1. Entscheid vom 19. Januar 1976 i.S. Riportella. Regeste

    Betreibung einer unverteilten Erbschaft (Art. 65 Abs. 3 SchKG).

    Die Gültigkeit der Zustellung des Zahlungsbefehls an den
Willensvollstrecker hängt nicht davon ab, ob dieser bzw. der Betreibende
gutgläubig ist.

Sachverhalt

    A.- Am 28. März 1973 liessen die Erbschaftsgläubiger Pro Artibus
Establishment und Robert Boos den unverteilten Nachlass der in den USA
verstorbenen Elisabeth Molnar-Riportella mit Arrest belegen, soweit
er sich in Verwahrung der Schweizerischen Bankgesellschaft in Zürich
befand. In Prosequierung des Arrestes strengten sie gegen den Nachlass die
Betreibungen Nr. 1542 und 1543 an. Das zuständige Betreibungsamt Zürich
1 stellte die Zahlungsbefehle Gabriel von Réthy in Schlieren zu, den die
Gläubiger als Vertreter der beiden in den USA wohnenden Schwestern der
Erblasserin, Tullah Hanley und Amy E. Innes, bezeichnet hatten. Den beiden
genannten Schwestern hatte das Nachlassgericht des Kreises New York am
7. März 1972 gestützt auf § 1412 des Surrogate's Court Procedure Act des
Staates New York ein vorläufiges Willensvollstreckerzeugnis ("preliminary
letters testamentary") ausgestellt. Da kein Rechtsvorschlag erhoben wurde,
gab das Betreibungsamt den Fortsetzungsbegehren vom 30. Mai 1973 statt
und vollzog die Pfändungen der bei der Schweizerischen Bankgesellschaft
gelegenen Vermögenswerte in der Höhe von Fr. 2'805'054.25. Die Summe wurde
dem Betreibungsamt übergeben und ist seither bei der Zürcher Kantonalbank
hinterlegt. Am 13. August 1973 reichte der Ehemann der Erblasserin,
Vincent Riportella, beim Einzelrichter im summarischen Verfahren des
Bezirksgerichts Zürich ein Gesuch um Bewilligung des nachträglichen
Rechtsvorschlages in den Betreibungen Nr. 1552 und 1543 ein, worauf der
Einzelrichter im Sinne einer provisorischen Massnahme die vorläufige
Einstellung der beiden Betreibungen verfügte.

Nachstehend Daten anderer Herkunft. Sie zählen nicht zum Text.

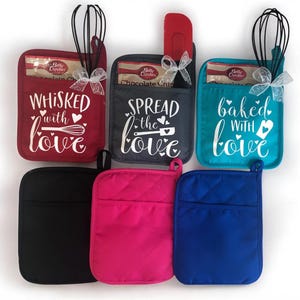 May include: Set of six oven mitts with quilted fabric and a pocket on the front. The mitts are in red, black, gray, pink, blue, and turquoise. Each mitt has a different saying on the front: "Whisked with love", "Spread the love", and "Baked with love".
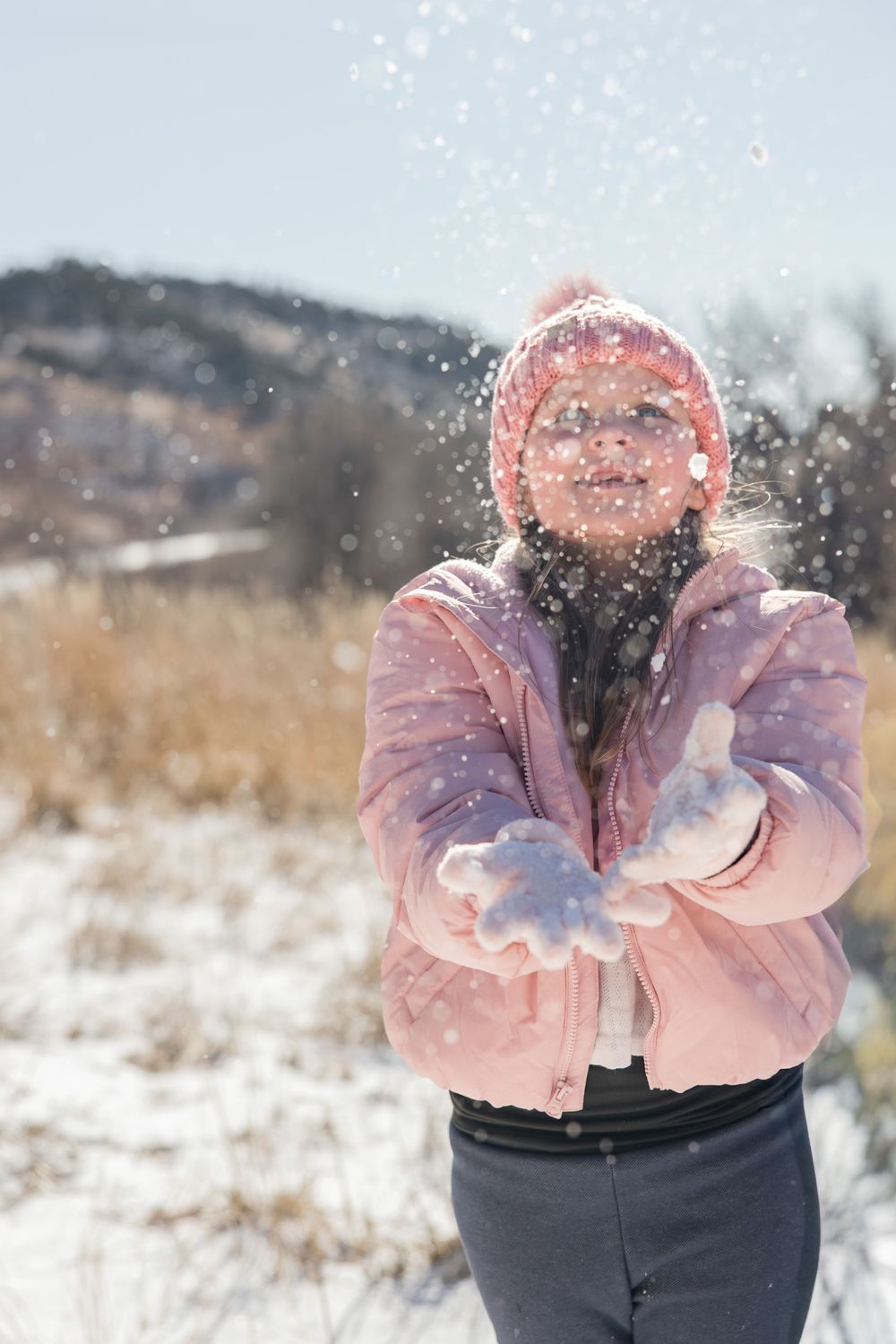 Person in pink coat throwing snow in the air creating a playful winter moment.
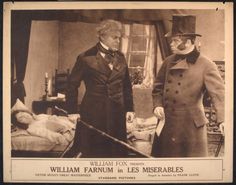 an old black and white photo of two men in top hats standing next to each other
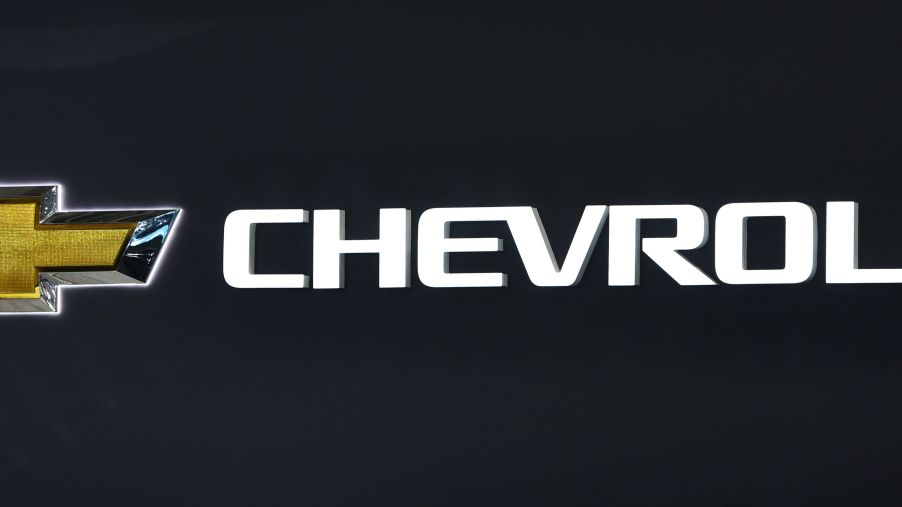 A gold Chevrolet bowtie logo and the Chevrolet script next to it.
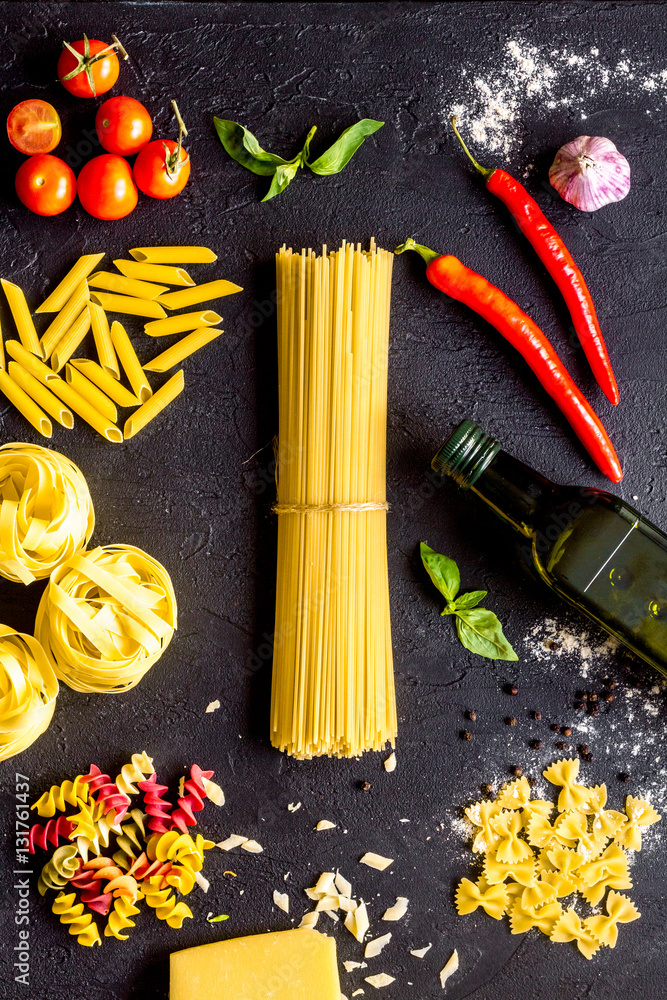 ingredients for cooking paste on dark background top view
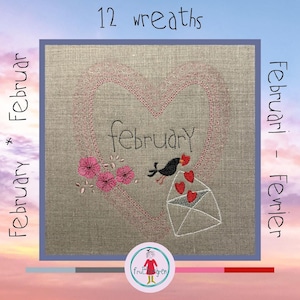 以下が含まれることがあります： ピンクの糸で刺繍されたハート型のデザインが施されたベージュの生地。ハートの中に黒い糸で「2月」と刺繍されています。赤いクチバシを持つ黒い鳥が赤いハートを刺繍して持っています。画像の上部に「12輪」という文字が書かれています。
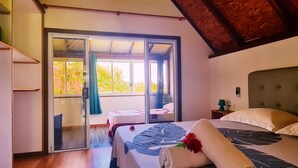 Un dormitorio con cama, mesita de noche, ventana y puerta corredera que da a un balcón.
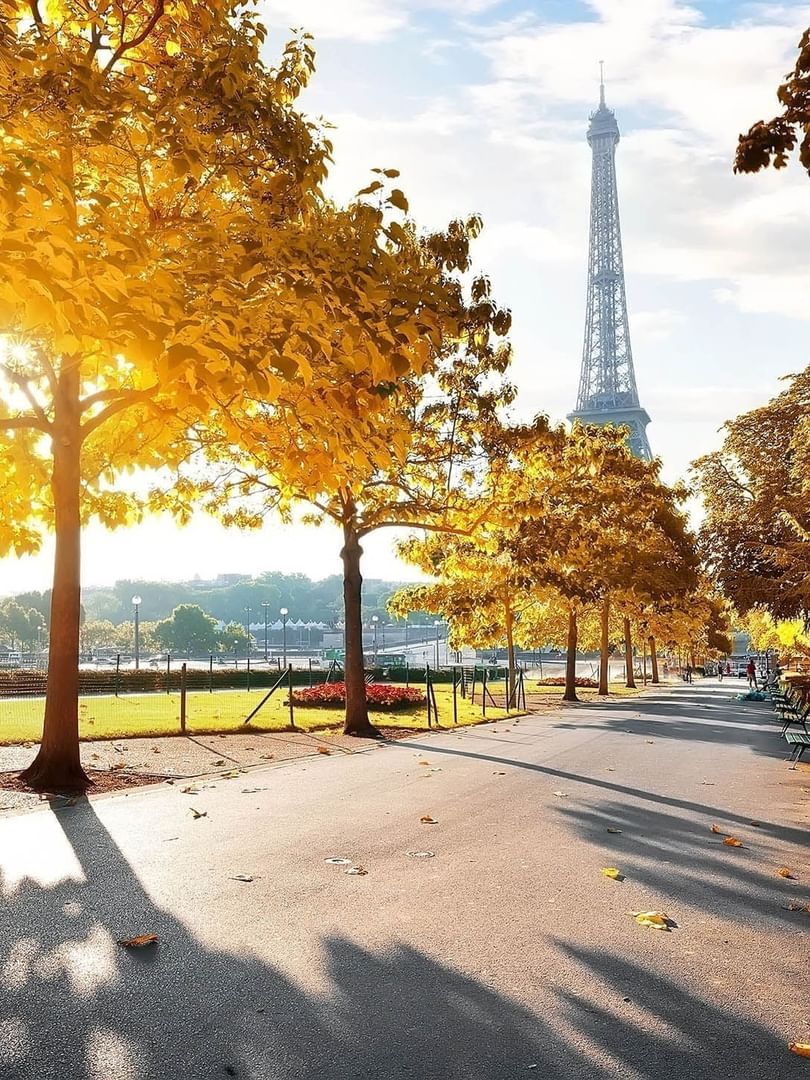 Park pathway with benches placed by autumn trees, with the Eiffel Tower in the distance near Warwick Hotels & Resorts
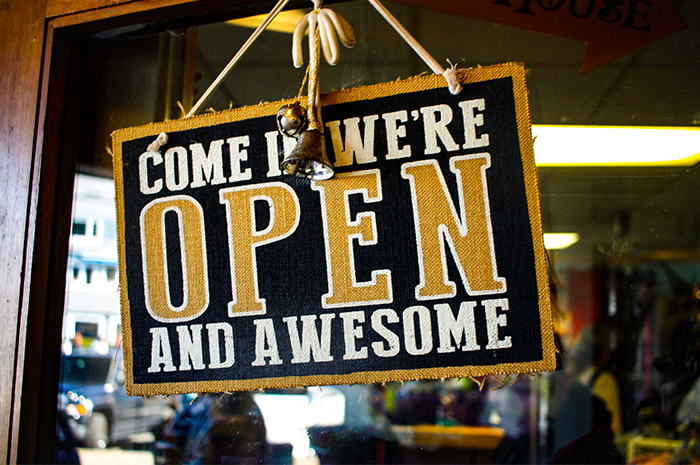 Open sign on shop door saying come in we are open and awesome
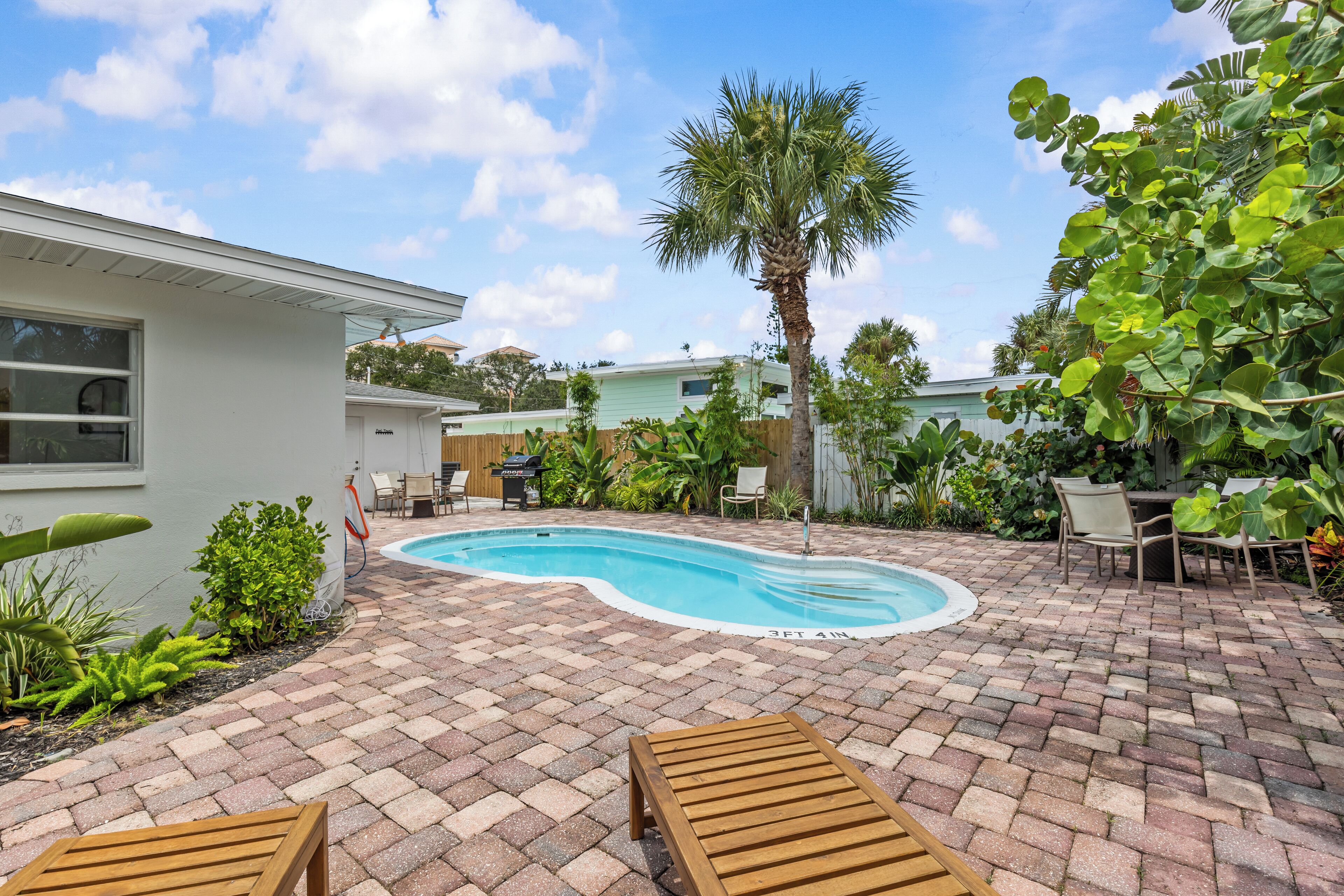 A swimming pool with a 3ft 4in depth marker, surrounded by a brick patio, wooden lounge chairs, and various plants.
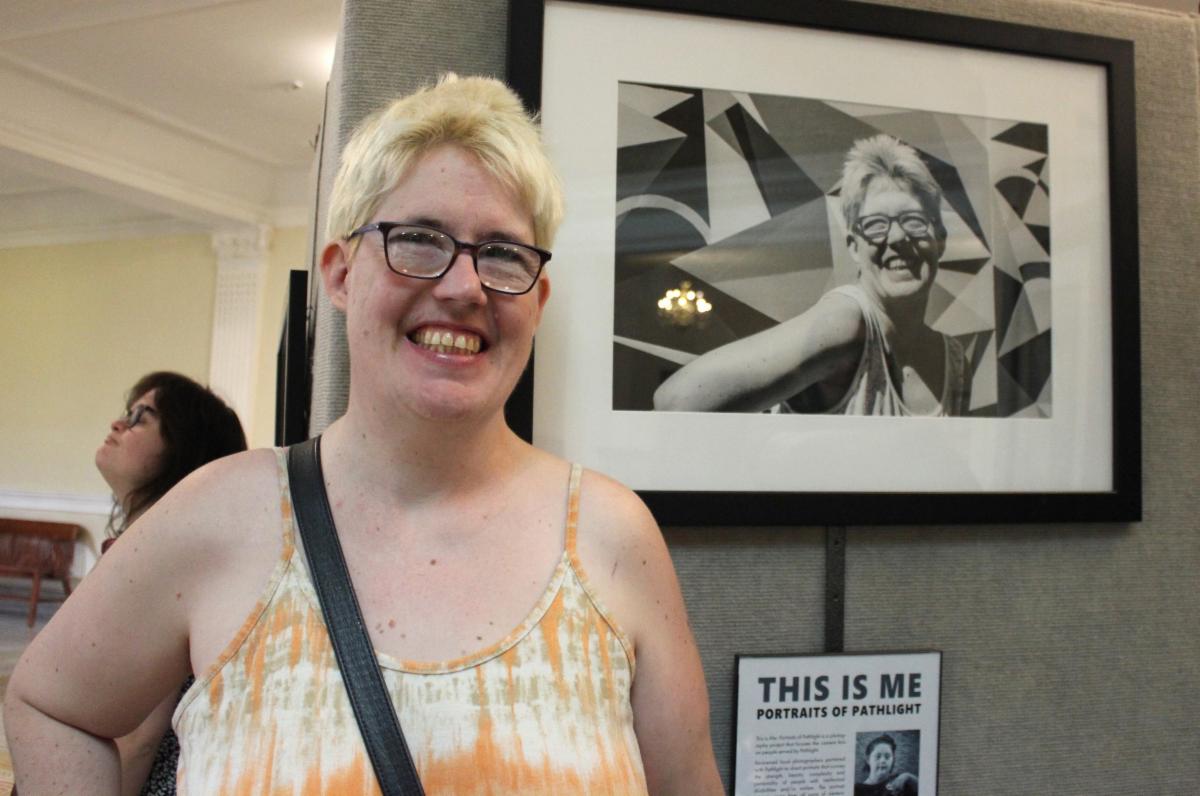 Leticia poses with her black and white portrait at the Portraits of Pathlight exhibit at the Boston State House. She has short blonde hair and glasses, wearing an orange dress.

    B.- Am 24. August 1973 erhob Vincent Riportella zudem Beschwerde
beim Bezirksgericht Zürich als unterer kantonaler Aufsichtsbehörde über
Schuldbetreibung und Konkurs und verlangte die Aufhebung der Betreibungen
Nrn. 1542 und 1543 wegen Ungültigkeit der Zustellung der Zahlungsbefehle
an Tullah Hanley und Amy E. Innes. Da der Beschwerdeführer dargetan hatte,
dass er vor Gerichten des Staates New York Prozesse anhängig gemacht
habe, in denen die Nichtigkeit der Ernennung der beiden Schwestern der
Erblasserin zu Willensvollstreckerinnen festgestellt werden sollte,
und in der Erwägung, dass bei Obsiegen des Beschwerdeführers in diesen
Prozessen auch die Zustellung der streitigen Zahlungsbefehle nichtig
wäre, beschloss die untere Aufsichtsbehörde am 9. November 1973, das
Beschwerdeverfahren einstweilen zu sistieren. Ein Rekurs der Gläubiger
gegen diesen Entscheid wurde vom Obergericht des Kantons Zürich als oberer
kantonaler Aufsichtsbehörde am 28. Juni 1974 abgewiesen.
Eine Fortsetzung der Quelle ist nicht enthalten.